_Work instructions:_ Lines from the one containing "Schiffe Im Hafen" through the last line of the records below need to be repeated exactly; nothing else, and no pictures.

_Dataset records:_
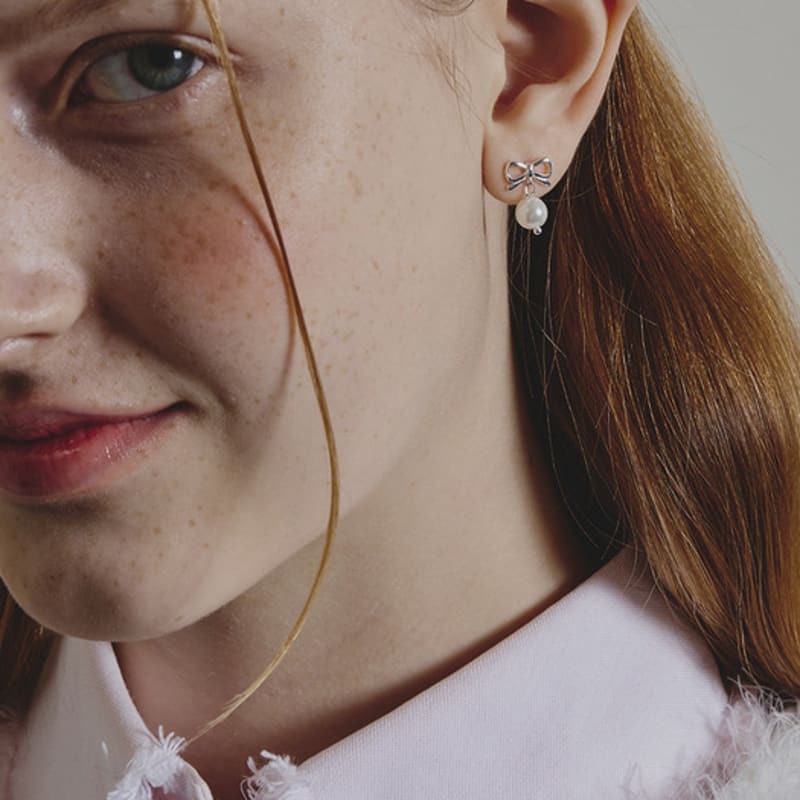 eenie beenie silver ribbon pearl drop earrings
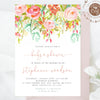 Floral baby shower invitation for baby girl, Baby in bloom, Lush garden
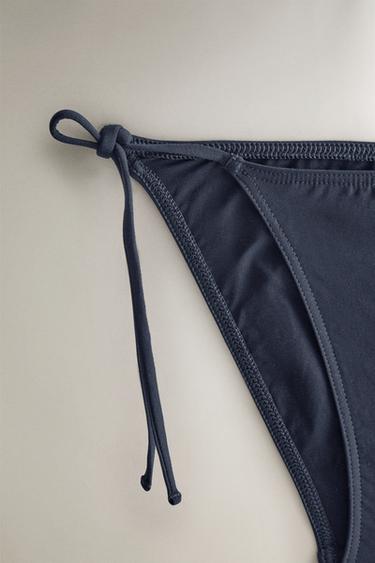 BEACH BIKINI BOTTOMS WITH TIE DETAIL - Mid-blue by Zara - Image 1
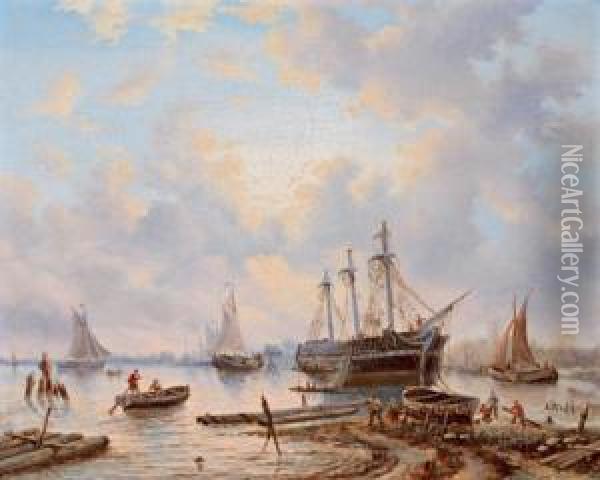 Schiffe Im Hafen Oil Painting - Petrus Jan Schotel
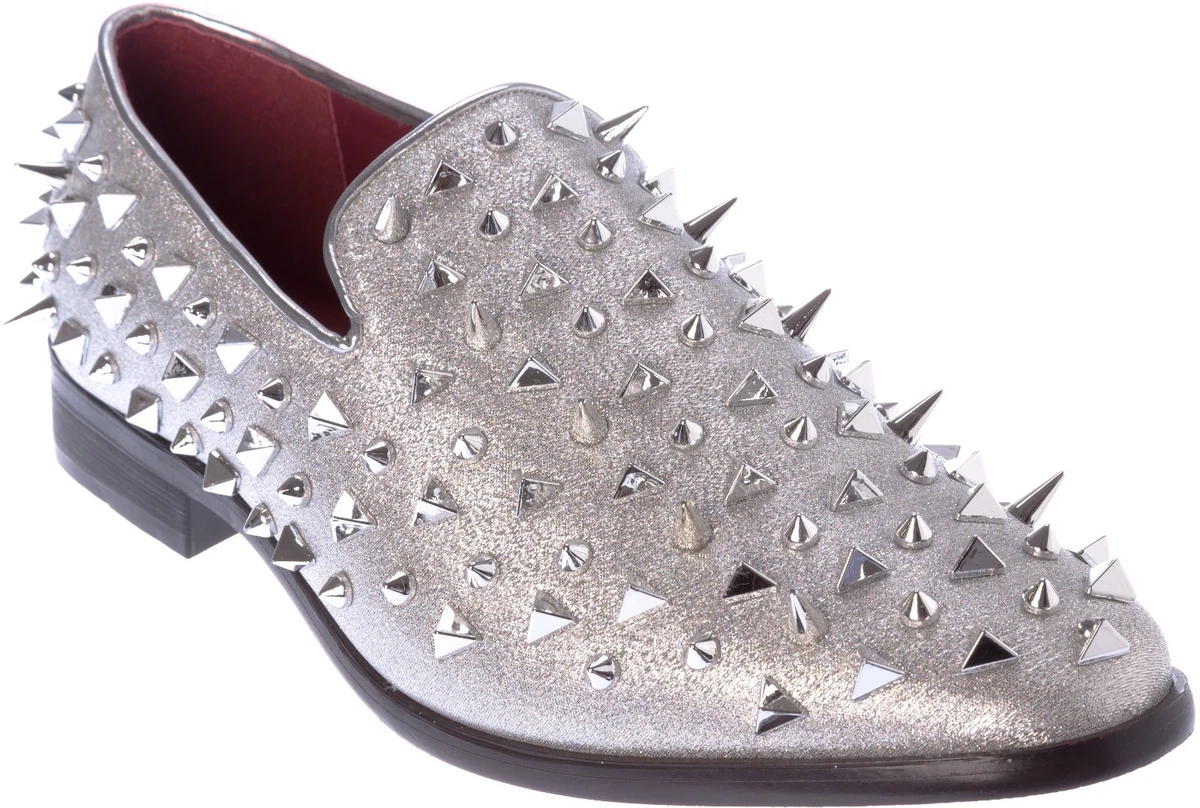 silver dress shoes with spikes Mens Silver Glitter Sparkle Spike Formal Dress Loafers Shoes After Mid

_Expected answer:_
 Schiffe Im Hafen Oil Painting - Petrus Jan Schotel
 silver dress shoes with spikes Mens Silver Glitter Sparkle Spike Formal Dress Loafers Shoes After Mid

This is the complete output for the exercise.